Assim, o outrora cidadão de bem, com capital emocional inflado e impulsividade vazando por brechas narcísicas, resta, no mais das vezes, como peça de sustentação do turbilhão de idiotices que devasta a civilidade e instaura cenários tristes de se ver. Nessa lógica, um imbecil vira um líder incontestável quando a turba de seguidores, cuspidores de curtidas e visualizações alça a sua insignificância à casa dos milhões de seguidores e das centenas de visualizações, compartilhamentos e curtidas diárias, coisa que movimenta um intenso mercado de anunciantes e rende fortunas mensais a essa espécie de flautista de Hamelin, genericamente chamado de influencer.

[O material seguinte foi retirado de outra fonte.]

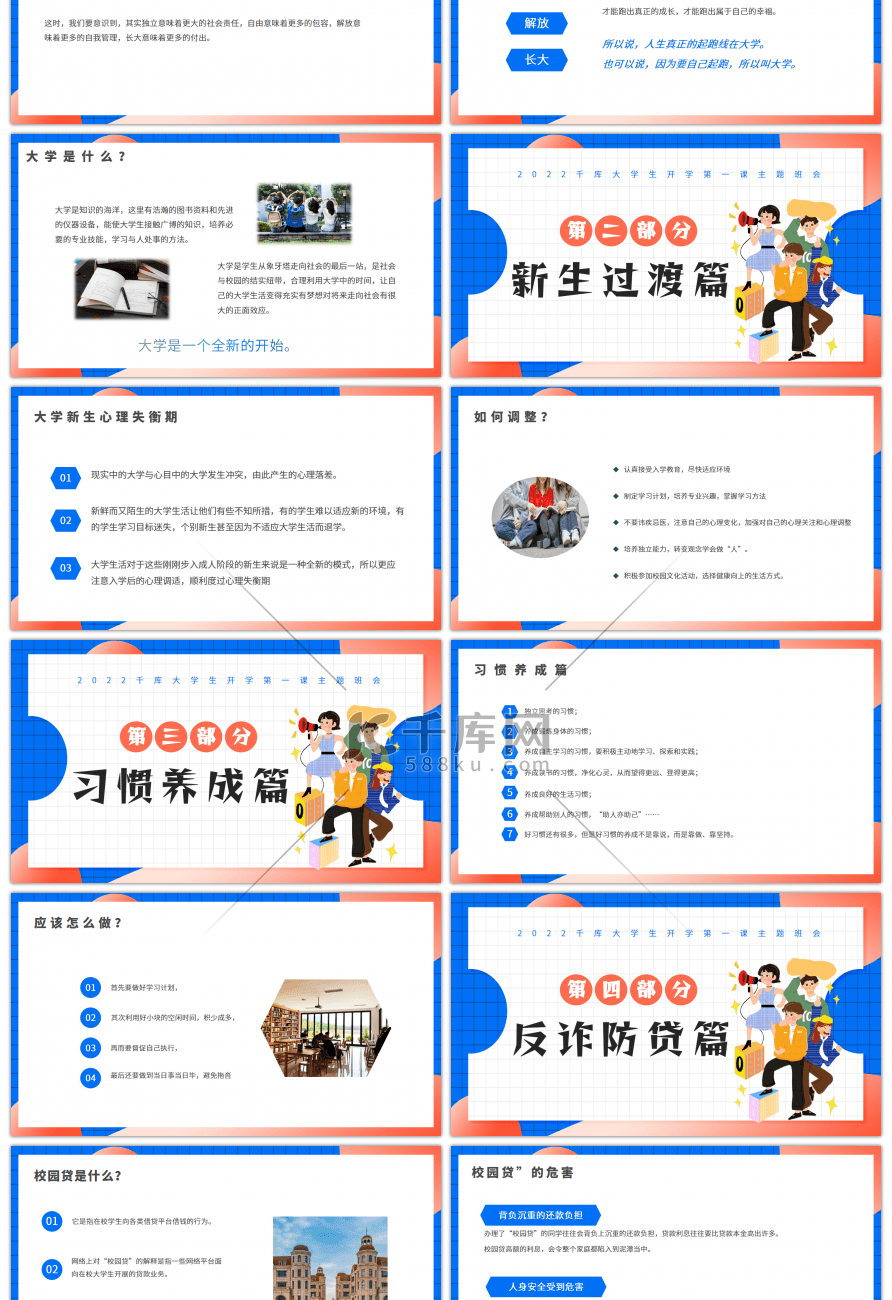 蓝橙色简约扁平大学生开学第一课主题班会PPT模板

Diante da facilidade de ganhar dinheiro, o imbecil reforça o engajamento em suas redes aumentando a intensidade das idiotices. Não importa se o que posta é contraditório, antiético, desonesto ou mentiroso, importa que está aumentando os seguidores, os likes e visualizações, importa que está, como dizem, bombando, lacrando, fazendo dinheiro fácil. Dias atrás um desses flautistas virtuais foi às redes dizer que um livro literário era imoral e pervertido porque continha referências a drogas e sexo. Bastou isso para uma suposta universidade particular retirar o romance da lista do vestibular, o que é espantoso.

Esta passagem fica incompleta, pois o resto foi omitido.